Sen. Smith said young black males had been left behind as technology, business and industry had moved on.

He said re-training had been ignored, isolating a section of society who needed to be brought back in to the fold -- and who had fallen behind women in the community.

"When we are in a country where 85 percent of the black population is born here, what kind of gene pool develops? Bright women, dumb males,'' he said.

"The reality has been ignored.'' Sen. Smith said mechanisation and the changing face of Bermuda industry, from tourism to international business, had dislocated the black males, who were less suited to the new era.

Women, who were more in tune with academic study, tended to find employment more readily in that area, he said.

"There is a major need for re-training, we have to look very closely and very quickly.'' Sen.
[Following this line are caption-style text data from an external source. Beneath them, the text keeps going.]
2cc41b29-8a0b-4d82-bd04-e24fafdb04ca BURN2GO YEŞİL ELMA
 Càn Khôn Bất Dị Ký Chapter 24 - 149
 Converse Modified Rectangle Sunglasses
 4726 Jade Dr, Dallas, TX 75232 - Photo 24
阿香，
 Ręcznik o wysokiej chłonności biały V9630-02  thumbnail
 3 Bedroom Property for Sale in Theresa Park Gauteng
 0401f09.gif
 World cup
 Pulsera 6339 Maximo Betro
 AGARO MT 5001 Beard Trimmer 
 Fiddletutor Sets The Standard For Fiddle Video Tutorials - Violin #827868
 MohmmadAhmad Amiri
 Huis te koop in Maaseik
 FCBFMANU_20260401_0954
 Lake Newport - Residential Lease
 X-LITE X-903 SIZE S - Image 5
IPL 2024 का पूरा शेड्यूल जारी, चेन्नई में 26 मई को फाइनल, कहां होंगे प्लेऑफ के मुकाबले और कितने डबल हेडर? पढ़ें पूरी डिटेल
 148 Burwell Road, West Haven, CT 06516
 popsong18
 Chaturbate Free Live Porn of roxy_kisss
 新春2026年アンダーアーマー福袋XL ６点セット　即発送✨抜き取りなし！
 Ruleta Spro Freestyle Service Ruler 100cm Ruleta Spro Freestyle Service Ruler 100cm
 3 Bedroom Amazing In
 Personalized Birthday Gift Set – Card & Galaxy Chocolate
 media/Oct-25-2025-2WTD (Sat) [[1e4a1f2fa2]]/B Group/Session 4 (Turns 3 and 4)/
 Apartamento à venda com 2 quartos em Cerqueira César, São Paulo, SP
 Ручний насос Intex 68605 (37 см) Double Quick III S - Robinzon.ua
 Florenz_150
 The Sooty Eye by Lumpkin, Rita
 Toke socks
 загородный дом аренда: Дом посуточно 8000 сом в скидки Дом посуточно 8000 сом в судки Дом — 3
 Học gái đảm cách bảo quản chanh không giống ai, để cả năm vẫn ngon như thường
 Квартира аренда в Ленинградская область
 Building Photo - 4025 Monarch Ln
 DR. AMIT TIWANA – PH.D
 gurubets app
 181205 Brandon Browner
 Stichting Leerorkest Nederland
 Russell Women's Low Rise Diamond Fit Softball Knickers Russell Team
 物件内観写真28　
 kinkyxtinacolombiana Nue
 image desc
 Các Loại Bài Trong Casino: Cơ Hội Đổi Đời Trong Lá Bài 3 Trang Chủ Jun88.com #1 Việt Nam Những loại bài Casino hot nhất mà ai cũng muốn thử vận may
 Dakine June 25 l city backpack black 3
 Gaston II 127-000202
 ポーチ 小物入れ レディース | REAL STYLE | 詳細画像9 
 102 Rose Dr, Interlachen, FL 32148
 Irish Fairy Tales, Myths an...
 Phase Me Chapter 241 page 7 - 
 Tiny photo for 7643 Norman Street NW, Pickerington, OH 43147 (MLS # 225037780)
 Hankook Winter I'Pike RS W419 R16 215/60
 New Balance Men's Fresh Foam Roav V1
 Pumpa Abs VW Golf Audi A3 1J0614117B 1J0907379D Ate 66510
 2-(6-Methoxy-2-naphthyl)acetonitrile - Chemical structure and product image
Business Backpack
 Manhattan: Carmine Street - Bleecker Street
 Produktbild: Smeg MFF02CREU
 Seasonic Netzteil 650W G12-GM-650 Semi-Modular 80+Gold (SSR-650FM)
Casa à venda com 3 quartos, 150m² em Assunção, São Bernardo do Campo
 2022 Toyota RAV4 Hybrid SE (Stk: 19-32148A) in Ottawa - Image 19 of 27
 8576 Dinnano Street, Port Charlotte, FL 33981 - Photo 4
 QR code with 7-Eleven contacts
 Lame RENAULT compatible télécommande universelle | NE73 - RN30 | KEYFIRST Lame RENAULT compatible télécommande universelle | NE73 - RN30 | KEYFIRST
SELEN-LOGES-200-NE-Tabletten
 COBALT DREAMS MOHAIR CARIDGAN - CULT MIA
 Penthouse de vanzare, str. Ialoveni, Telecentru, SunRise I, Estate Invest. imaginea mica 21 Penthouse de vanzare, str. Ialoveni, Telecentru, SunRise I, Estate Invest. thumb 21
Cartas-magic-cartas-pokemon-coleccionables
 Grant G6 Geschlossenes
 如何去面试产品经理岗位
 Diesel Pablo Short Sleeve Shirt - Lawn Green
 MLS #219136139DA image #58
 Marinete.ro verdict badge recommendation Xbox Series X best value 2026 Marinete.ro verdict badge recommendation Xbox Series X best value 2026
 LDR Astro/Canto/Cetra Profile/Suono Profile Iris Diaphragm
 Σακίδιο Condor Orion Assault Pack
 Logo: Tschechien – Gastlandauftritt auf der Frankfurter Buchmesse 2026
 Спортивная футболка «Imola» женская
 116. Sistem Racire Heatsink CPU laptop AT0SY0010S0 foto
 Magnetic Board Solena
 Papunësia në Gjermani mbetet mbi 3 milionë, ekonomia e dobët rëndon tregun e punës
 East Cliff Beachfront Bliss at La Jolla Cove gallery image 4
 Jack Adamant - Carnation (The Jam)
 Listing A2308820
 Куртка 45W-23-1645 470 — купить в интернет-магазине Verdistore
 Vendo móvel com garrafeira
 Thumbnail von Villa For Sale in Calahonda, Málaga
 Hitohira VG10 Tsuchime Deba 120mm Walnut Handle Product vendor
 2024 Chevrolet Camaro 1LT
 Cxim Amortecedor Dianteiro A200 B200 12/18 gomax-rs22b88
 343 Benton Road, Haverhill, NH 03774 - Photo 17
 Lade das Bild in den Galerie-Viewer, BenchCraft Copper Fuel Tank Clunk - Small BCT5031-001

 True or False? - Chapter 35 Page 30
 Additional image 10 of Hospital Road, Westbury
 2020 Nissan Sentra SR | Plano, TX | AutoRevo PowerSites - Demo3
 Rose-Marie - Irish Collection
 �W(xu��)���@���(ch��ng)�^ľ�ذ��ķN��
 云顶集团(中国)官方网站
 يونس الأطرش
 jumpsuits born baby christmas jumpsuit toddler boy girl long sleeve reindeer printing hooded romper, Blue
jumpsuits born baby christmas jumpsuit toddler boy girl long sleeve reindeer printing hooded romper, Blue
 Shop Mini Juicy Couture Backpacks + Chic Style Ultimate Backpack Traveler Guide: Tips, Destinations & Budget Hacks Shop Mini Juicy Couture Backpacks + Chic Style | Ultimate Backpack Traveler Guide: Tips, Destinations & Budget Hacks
Smith was speaking as the Senate passed the Electronic Transactions Act 1999.

Sen. Mark Pettingill said it was important that when e-commerce was an unknown quantity, that the act was live and made allowances for all Bermudians.

Senate Leader Milton Scott said it was important that people got on board and were not left behind with the advancing technology.

But he also called for local companies to move forward or they could be left behind in the use of new technology for buying goods.

Opposition Senate Leader Max Burgess said he hoped there was some substance behind the bill, which he said would be useful as a marketing tool.

But he warned, if companies wanted to come to Bermuda, there would need to be other businesses here also.